Since the 1980s, as its relative military strength has peaked, the United States has faced growing international economic competition. The recovery of Europe and Japan and the emergent industrialization of South Korea, Taiwan, China, and India substantially reduced the United States’ share of overall world production from about 50 percent in 1945 to 20 percent in the 1980s. By 2008 the United States accounted for just 8.1 percent of world merchandise exports. Accompanying this relative decline was a sharp reversal of the country’s trade balance as U.S. imports greatly exceeded its exports. In 2014 the World Bank reported that China had overtaken the United States as the world’s largest economy, even as it held much of the mounting American national debt.

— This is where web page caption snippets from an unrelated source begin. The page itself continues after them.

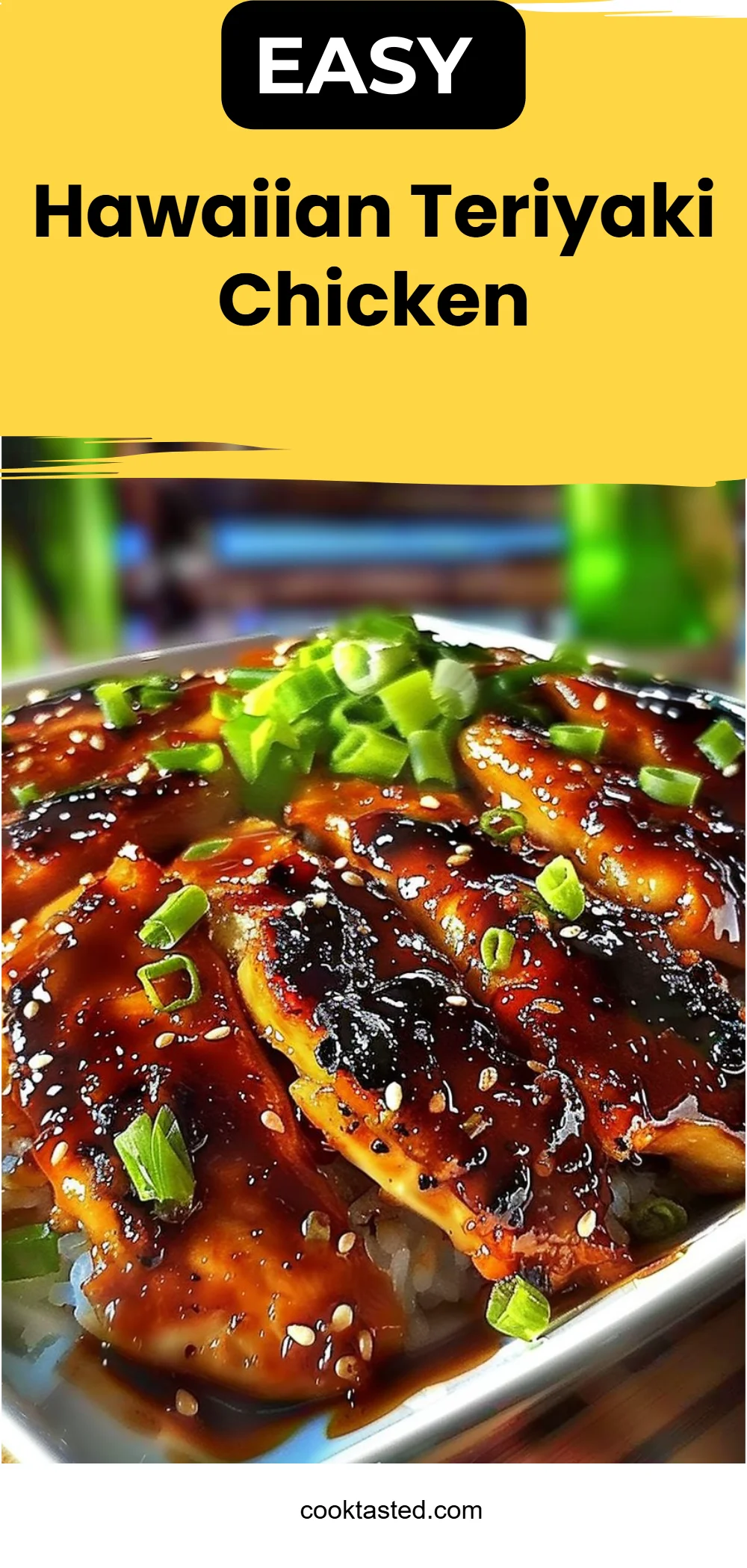 Hawaiian Teriyaki Chicken
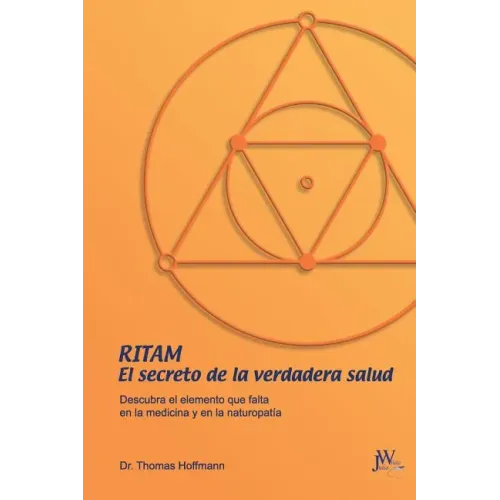 Ritam - El secreto de la verdadera salud: Descubra el elemento que falta en la medicina y en la naturopatía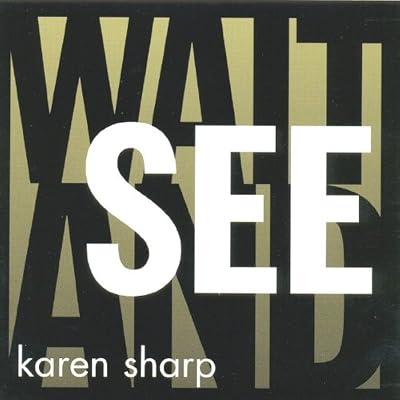 Wait and See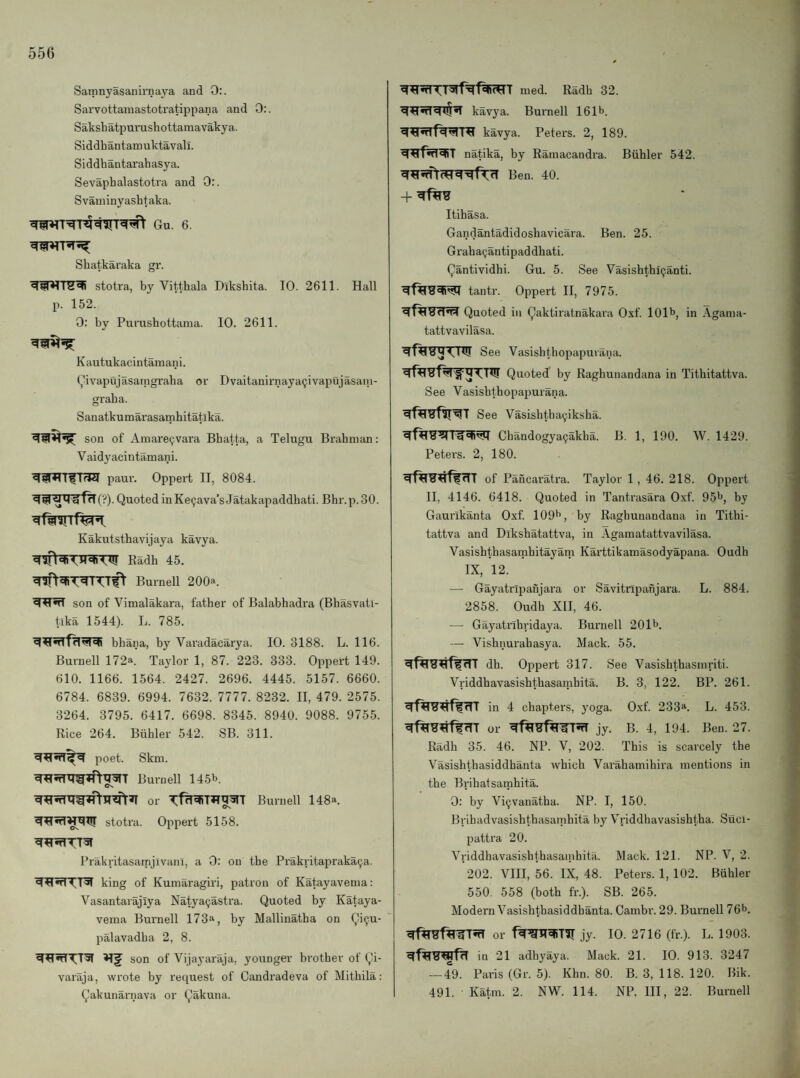 Samnyasanirnaya and 0:. Sarvottamastotratippana and 0:. Sakshatpurushottamavakya. Siddhantamuktavali. Si ddhantai’ah asy a. Sevaphalastotra and 0:. Svaminyashtaka. Shatkaraka gr. stotra, by Vitthala Dikshita. 10. 2611. Hall p. 152. 0: by Puiushottama. 10. 2611. Kautukacintamani. (j^ivapujasaingraha or Dvaitanirnaya9ivapujasani- graha. Sanatkumarasarnhitatika. son of Aniare^vara Bhatta, a Telugu Brahman: V aidyacintamani. paur. Oppert II, 8084. (?). Quoted in Ke^ava’s Jatakapaddhati. Bhr.p. 30. Kakutsthavijaya kavya. Radh 45. Burnell 200a. son of Vimalakara, father of Balabhadra (Bhasvatl- tlka 1544). L. 785. bhana, by Varadacarya. 10. 3188. L. 116. Burnell 172a. Ta)dor 1, 87. 223. 333. Oppert 149. 610. 1166. 1564. 2427. 2696. 4445. 5157. 6660. 6784. 6839. 6994. 7632. 7777. 8232. II, 479. 2575. 3264. 3795. 6417. 6698. 8345. 8940. 9088. 9755. Rice 264. Btihler 542. SB. 311. poet. Skm. Burnell 145b. or Burnell 148a. ^^•rT^rm!T stotra. Oppert 5158. Prakritasamjlvanl, a 0: on tbe Prakritapraka9a. king of Kumaragiri, patron of Katayavema: Vasantarajiya Natya9astra. Quoted by Kataya¬ vema Burnell 173a, hy Mallinatha on Qi9u- palavadha 2, 8. son of Vijayaraja, younger brother of Qi- varaja, wrote by reciuest of Candradeva of Mithila: Qakunarnava or Qakuna. med. Radh 32. kavya. Buinell 161b. kavya. Peters. 2, 189. natika, by Ramacandra. Biihler 542. Ben. 40. Itihasa. Gandantadidoshavicara. Ben. 25. Graha9antipaddhati. Qantividhi. Gu. 5. See Vasishtbi9anti. tantr. Oppert II, 7975. Quoted in Qaktiratnakara Oxf. 101b, in ,\gama- tattvavilasa. See Vasishthopapuiana. Quoted by Raghunandana in Tithitattva. See Vasishthopapurana. See Vasishtha9iksha. Chandogya9akha. B. 1, 190. W. 1429. Peters. 2, 180. of Pancaratra. Taylor 1, 46. 218. Oppert II, 4146. 6418. Quoted in Tantrasara O.xf. 95b, by Gaui’ikanta Oxf. 109b, by Raghunandana in Tithi¬ tattva and Dikshatattva, in Agamatattvavilasa. Vasishthasamhitayam Karttikamasodyapana. Oudh IX, 12. — Gayatripanjara or Savitripanjara. L. 884. 2858. Oudh XII, 46. — Gayatrihridaya. Burnell 201b. — Vishnurahasya. Mack. 55. dh. Oppert 317. See Vasishthasmriti. Vriddhavasishthasamhita. B. 3, 122. BP. 261. in 4 chapters, yoga. Oxf. 233*. L. 453. or jy. B. 4, 194. Ben. 27. Radh 35. 46. NP. V, 202. This is scarcely the Vasishthasiddhanta which Varahamihira mentions in the Brihatsamhita. 0: by Vi9vanatha. NP. I, 150. Brihadvasishthasamhita by Ariddhavasishtha. Sllci- pattra 20. Vriddbavasishthasanihita. Mack. 121. NP. V, 2. 202. VIII, 56. IX, 48. Peters. 1, 102. Biihler 550. 558 (both fr.). SB. 265. Modern Vasishthasiddhanta. Cambr. 29. Burnell 76b. or jy. 10. 2716 (fr.). L. 1903. in 21 adhyaya. Mack. 21. 10. 913. 3247 — 49. Paris (Gr. 5). Khn. 80. B. 3, 118. 120. Bik. 491. Katm. 2. NW. 114. NP. Ill, 22. Burnell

However it might be defined, the exercise of American power, like that of many empires, was resisted abroad and contested at home. In Korea, Vietnam, Cuba, Iraq, Afghanistan, and elsewhere, armed struggle against U.S. intervention was both costly and painful. During the cold war, the governments of India, Egypt, and Ethiopia sought to diminish American influence in their affairs by turning to the Soviet Union or playing off the two superpowers against each other. Even France, resenting U.S. domination, withdrew from the military structure of NATO in 1967 and expelled all foreign-controlled troops from the country. In 2014, Russia strongly expressed its opposition to Western efforts to incorporate former Soviet territories or dependencies into NATO or the European Union by seizing Crimea and pressuring Ukraine to remain within the Russian sphere of influence. Many intellectuals, fearing the erosion of their own cultures in the face of well-financed American media around the world, have decried American “cultural imperialism.” By the early twenty-first century, the United States’ international policies—such as its refusal to accept the jurisdiction of the International Criminal Court; its refusal to ratify the Kyoto protocol on global warming; its doctrine of preemptive war, which was exercised in Iraq; and its apparent use of torture—had generated widespread opposition.

Within the United States as well, the global exercise of American power generated controversy. The Vietnam War, for example, divided the United States more sharply than at any time since the Civil War. It split families and friendships, churches and political parties. The war provided a platform for a growing number of critics, both at home and abroad, who had come to resent American cultural and economic dominance in the post-1945 world. It stimulated a new sense of activism among students in the nation’s colleges and universities. Many of them came to see America itself as an imperialist power. A similar set of issues, protests, and controversies followed the American invasion of Iraq in 2003.